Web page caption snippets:
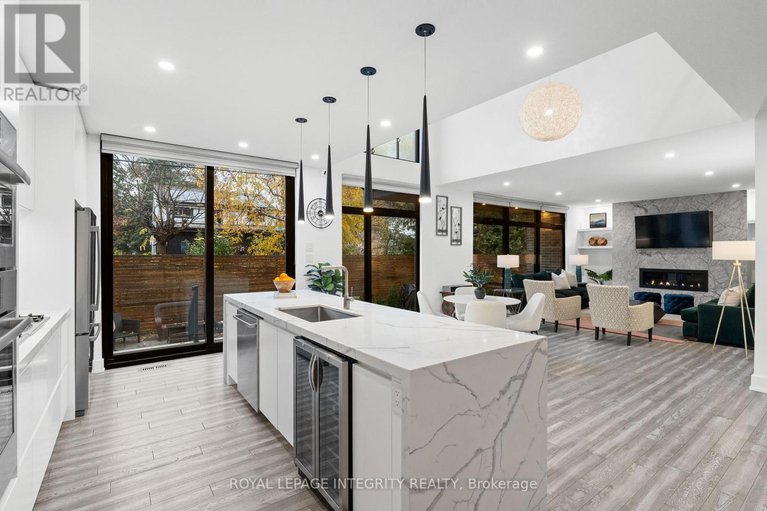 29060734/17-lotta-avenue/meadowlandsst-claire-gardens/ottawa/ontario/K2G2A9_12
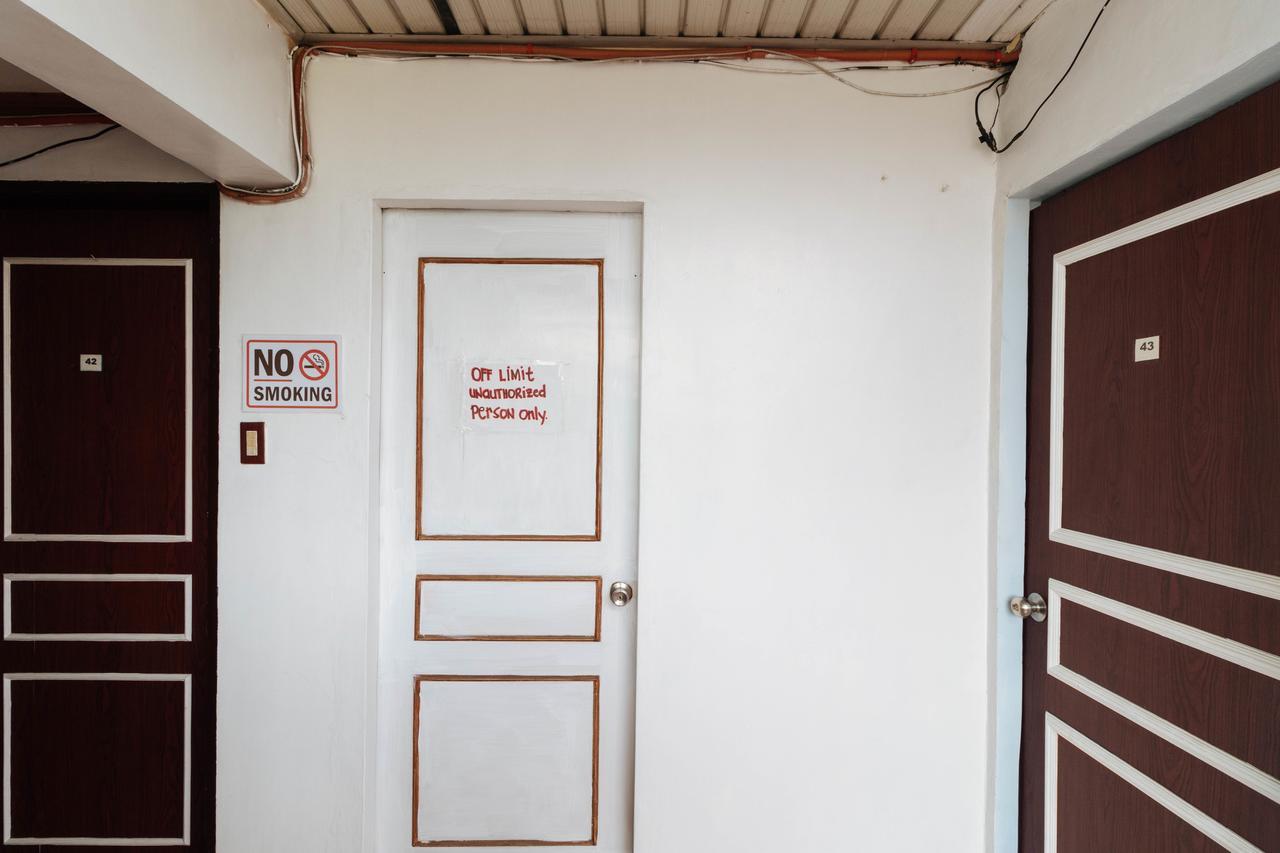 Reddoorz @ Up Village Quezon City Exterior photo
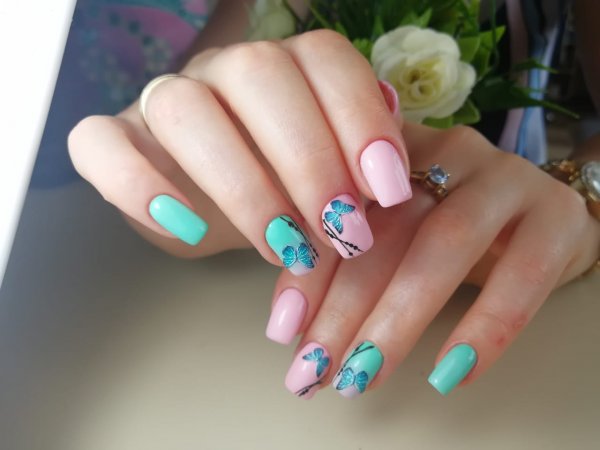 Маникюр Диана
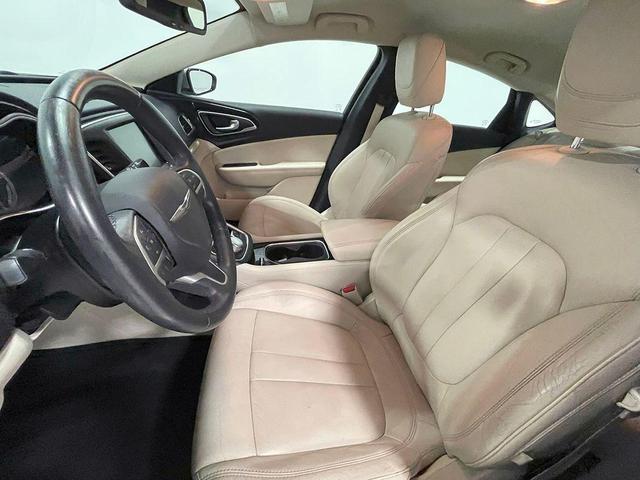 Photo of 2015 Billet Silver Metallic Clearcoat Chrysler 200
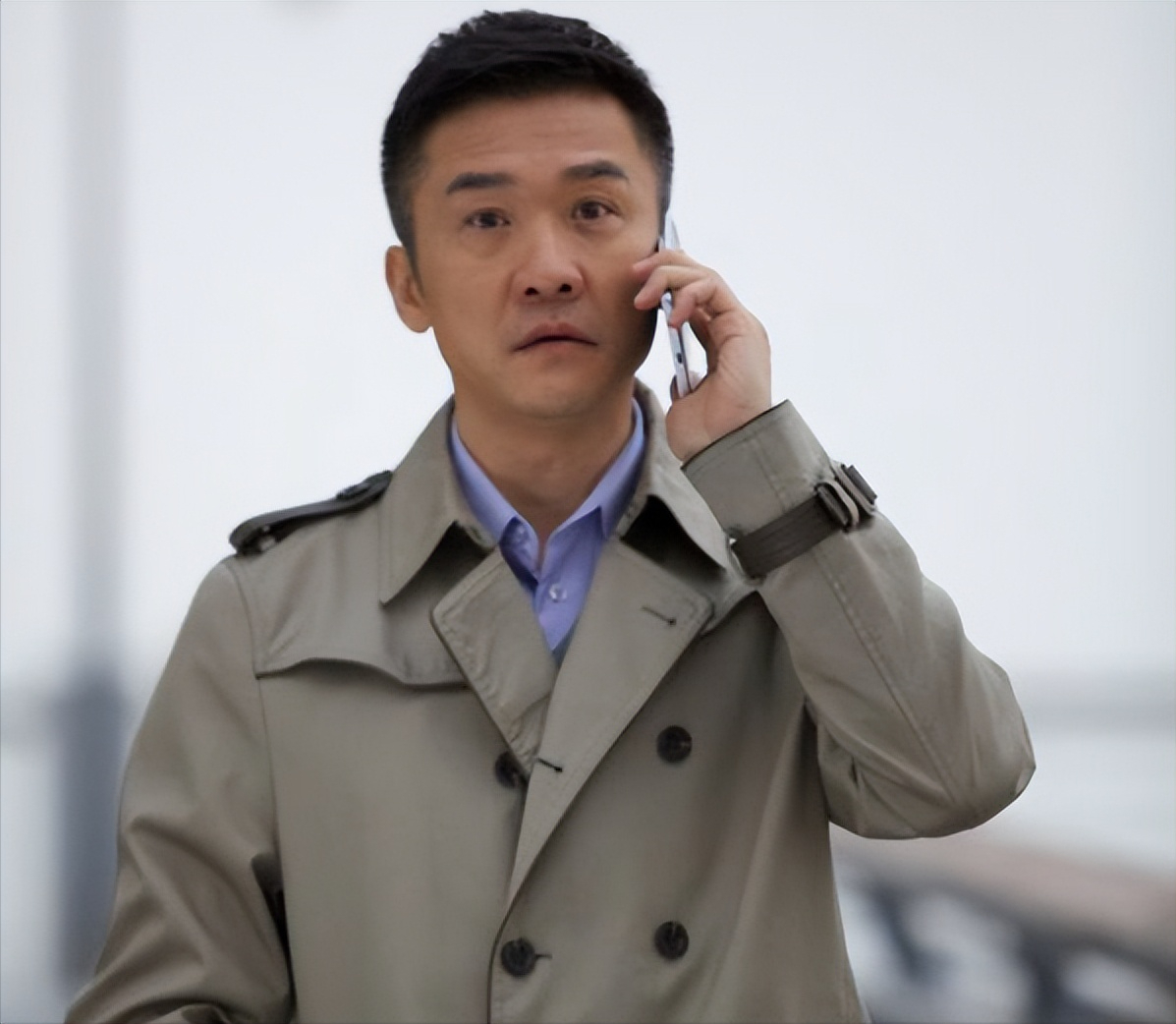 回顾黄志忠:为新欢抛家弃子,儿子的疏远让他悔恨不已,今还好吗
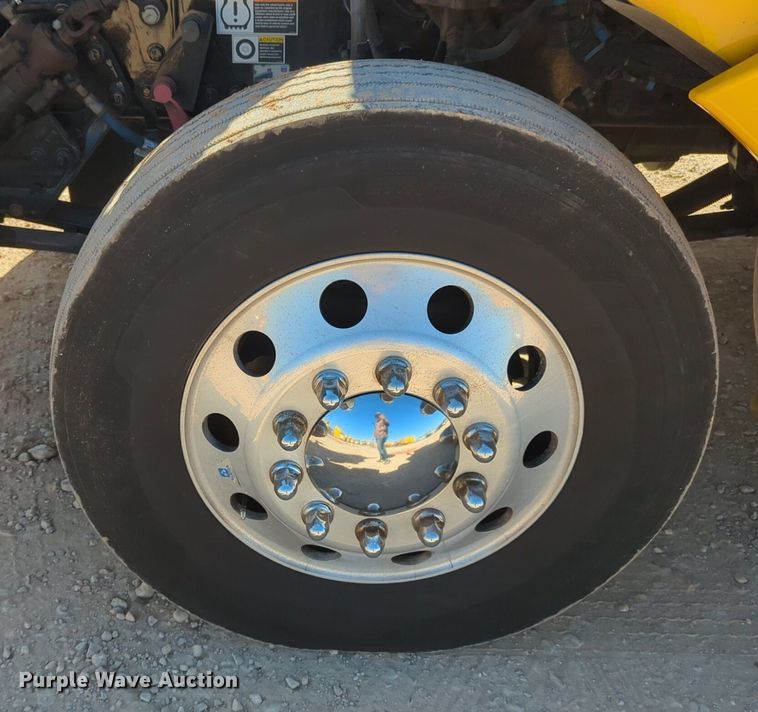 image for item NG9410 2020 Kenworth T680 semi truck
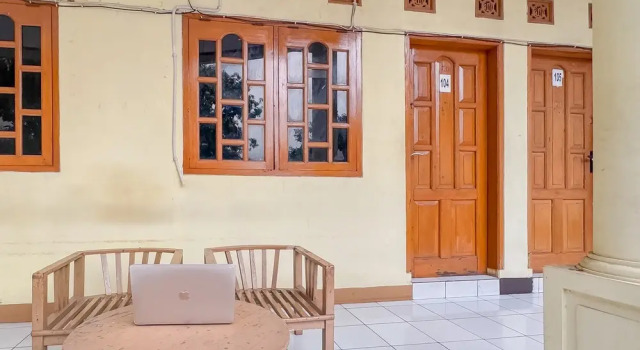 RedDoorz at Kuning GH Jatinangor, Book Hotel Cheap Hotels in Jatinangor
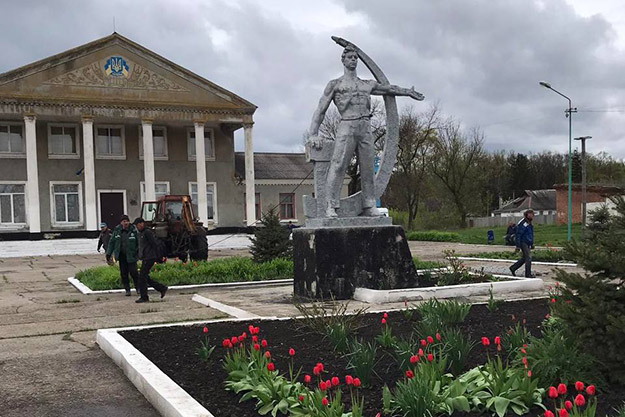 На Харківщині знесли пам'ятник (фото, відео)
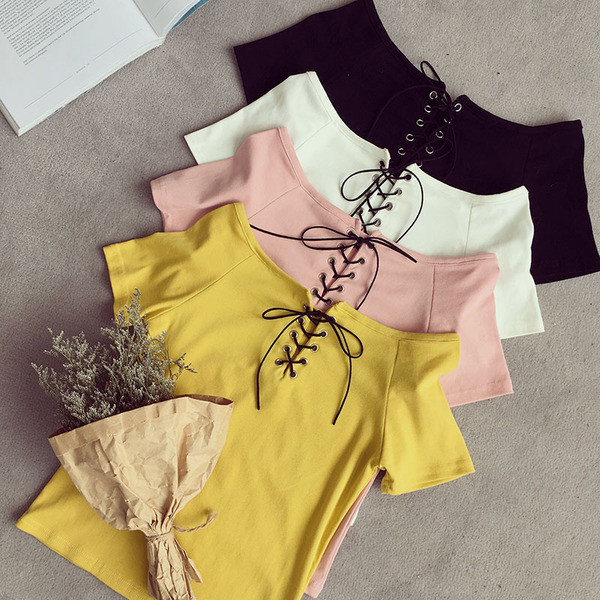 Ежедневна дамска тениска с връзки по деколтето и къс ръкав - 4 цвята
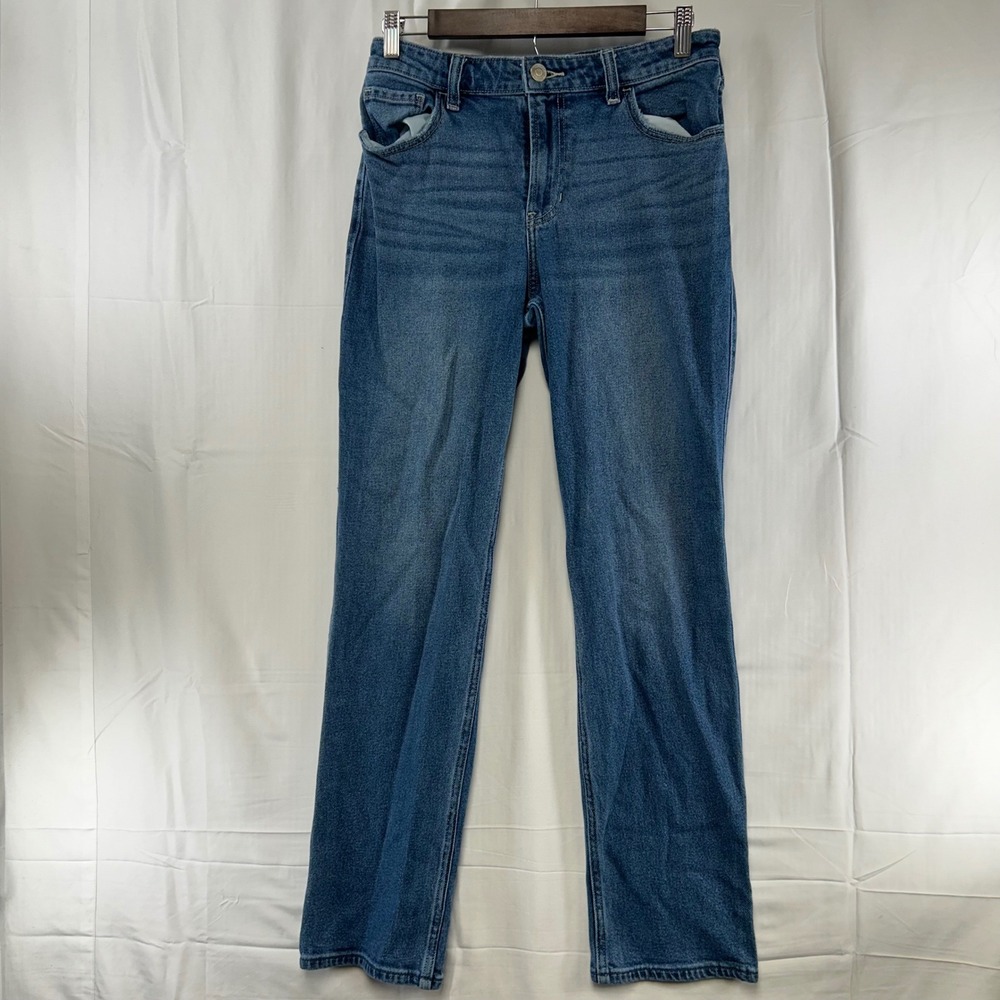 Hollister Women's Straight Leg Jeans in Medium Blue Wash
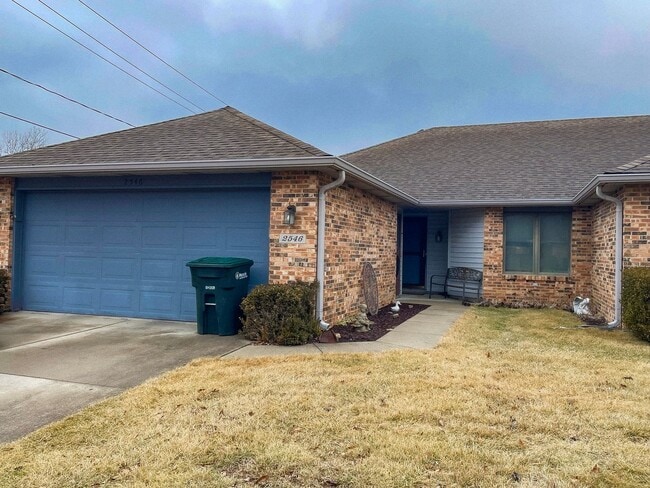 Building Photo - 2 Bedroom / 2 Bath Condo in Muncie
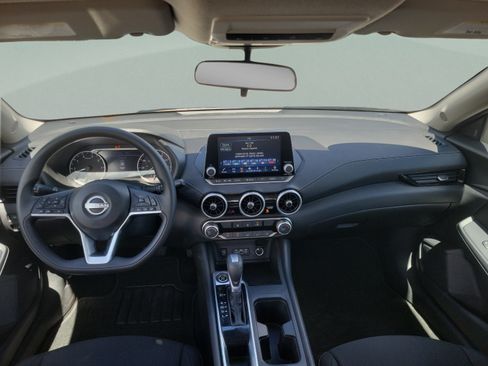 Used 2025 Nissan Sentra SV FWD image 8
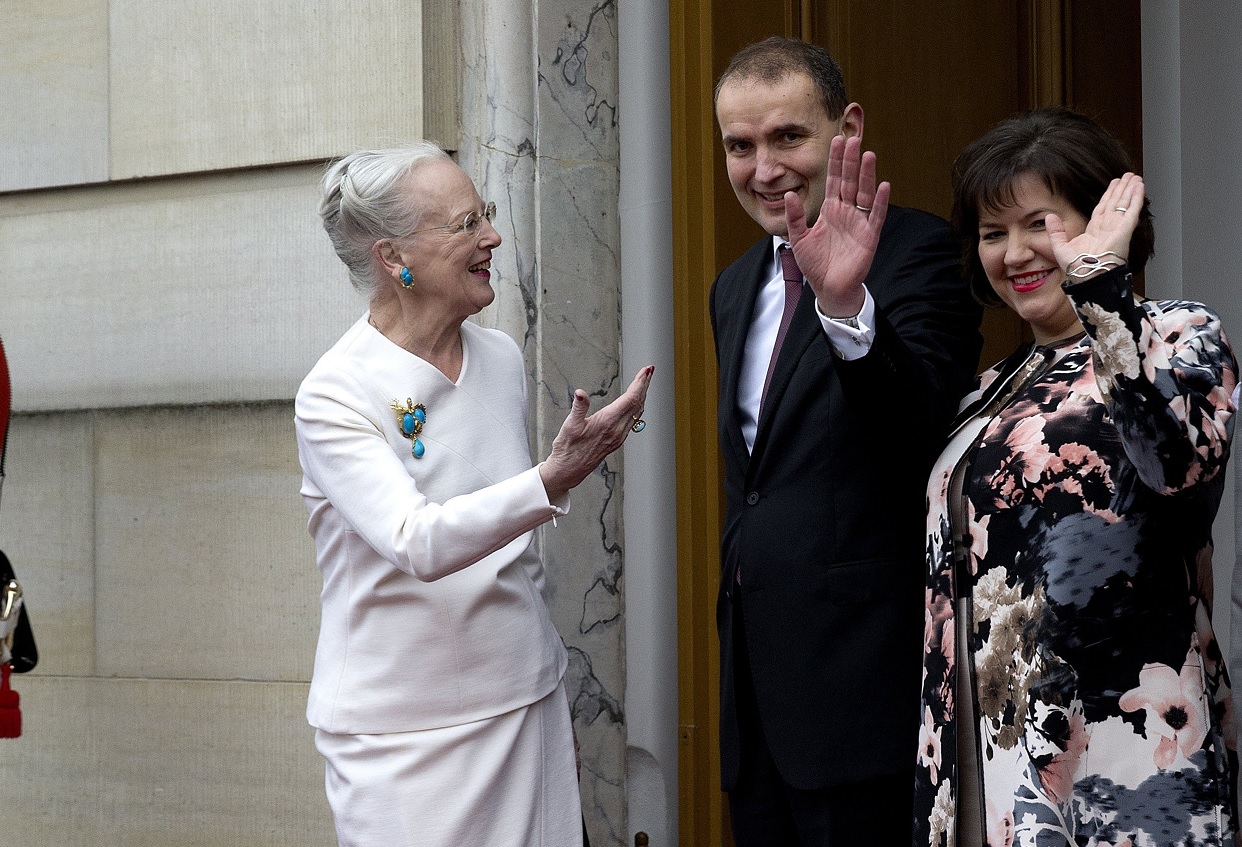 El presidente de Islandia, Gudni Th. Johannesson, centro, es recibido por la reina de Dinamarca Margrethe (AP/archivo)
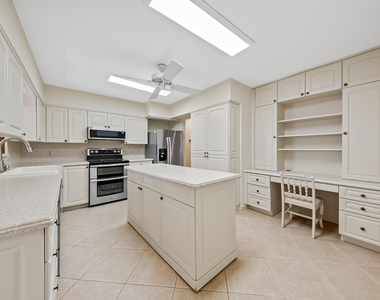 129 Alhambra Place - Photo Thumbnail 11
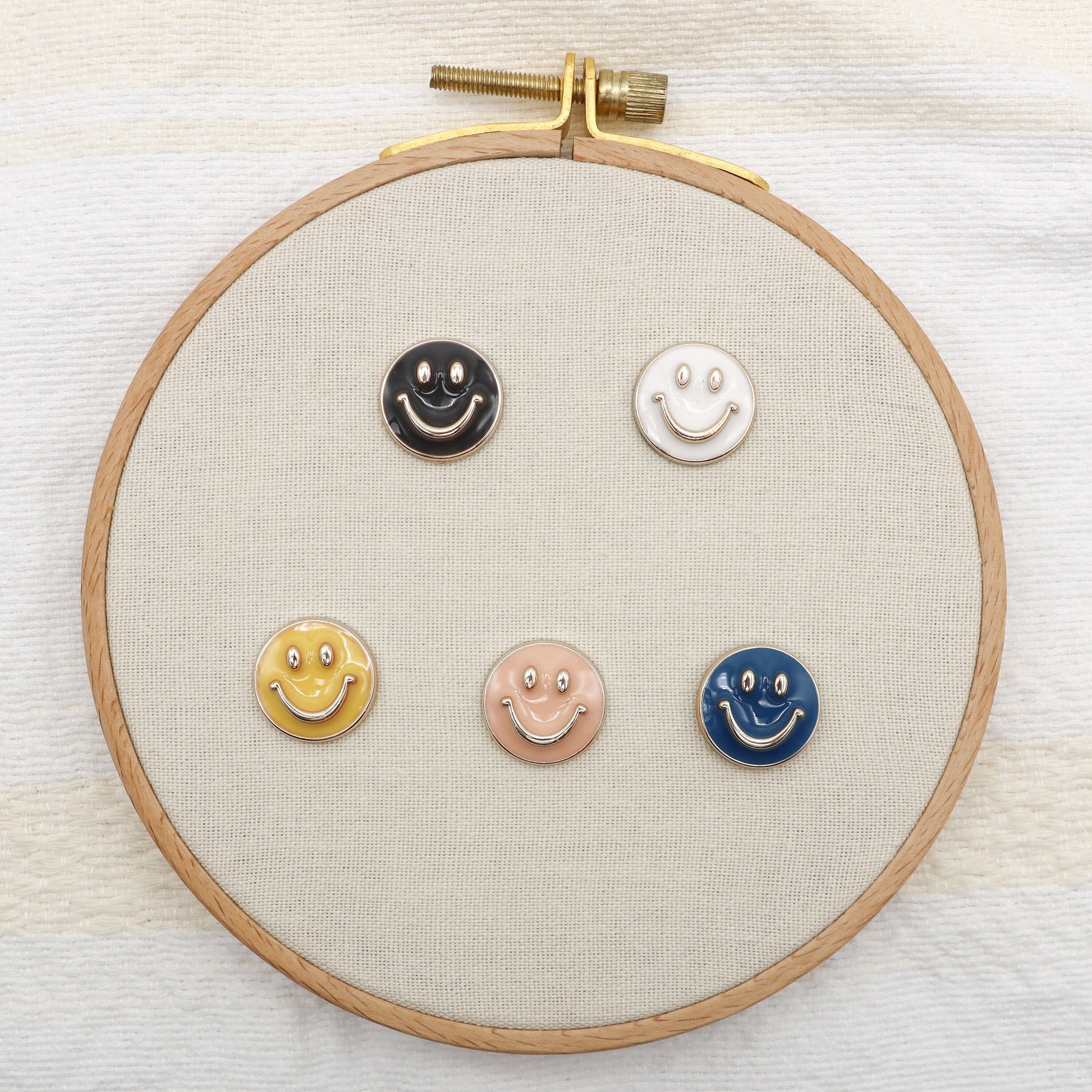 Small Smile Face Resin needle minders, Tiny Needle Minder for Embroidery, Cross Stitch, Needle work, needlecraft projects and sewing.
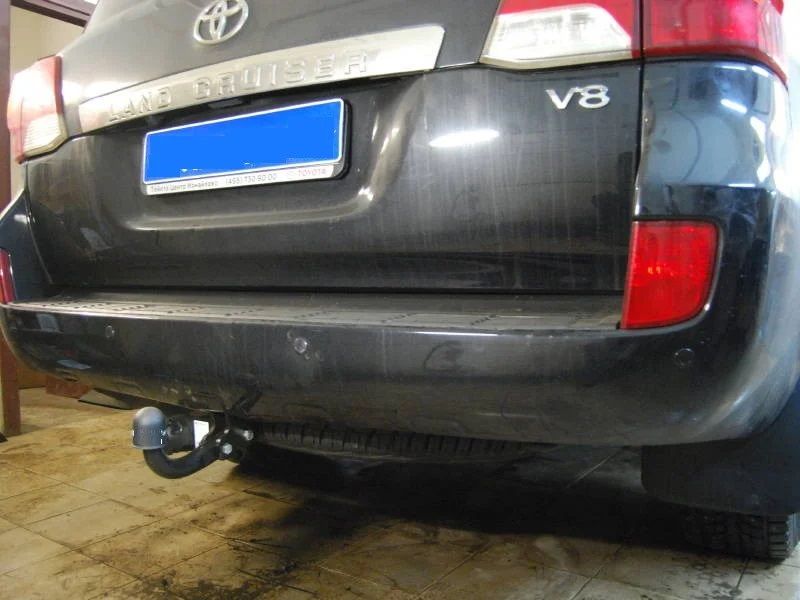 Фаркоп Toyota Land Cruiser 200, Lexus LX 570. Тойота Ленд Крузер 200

[What this task involves]: Give again, exactly as written, the lines from the one with "回顾黄志忠:为新欢抛家弃子,儿子的疏远让他悔恨不已,今还好吗" through the last line of the entries above, but skip the pictures.

[Response to this exercise]:
 回顾黄志忠:为新欢抛家弃子,儿子的疏远让他悔恨不已,今还好吗
 image for item NG9410 2020 Kenworth T680 semi truck
 RedDoorz at Kuning GH Jatinangor, Book Hotel Cheap Hotels in Jatinangor
 На Харківщині знесли пам'ятник (фото, відео)
 Ежедневна дамска тениска с връзки по деколтето и къс ръкав - 4 цвята
 Hollister Women's Straight Leg Jeans in Medium Blue Wash
 Building Photo - 2 Bedroom / 2 Bath Condo in Muncie
 Used 2025 Nissan Sentra SV FWD image 8
 El presidente de Islandia, Gudni Th. Johannesson, centro, es recibido por la reina de Dinamarca Margrethe (AP/archivo)
 129 Alhambra Place - Photo Thumbnail 11
 Small Smile Face Resin needle minders, Tiny Needle Minder for Embroidery, Cross Stitch, Needle work, needlecraft projects and sewing.
 Фаркоп Toyota Land Cruiser 200, Lexus LX 570. Тойота Ленд Крузер 200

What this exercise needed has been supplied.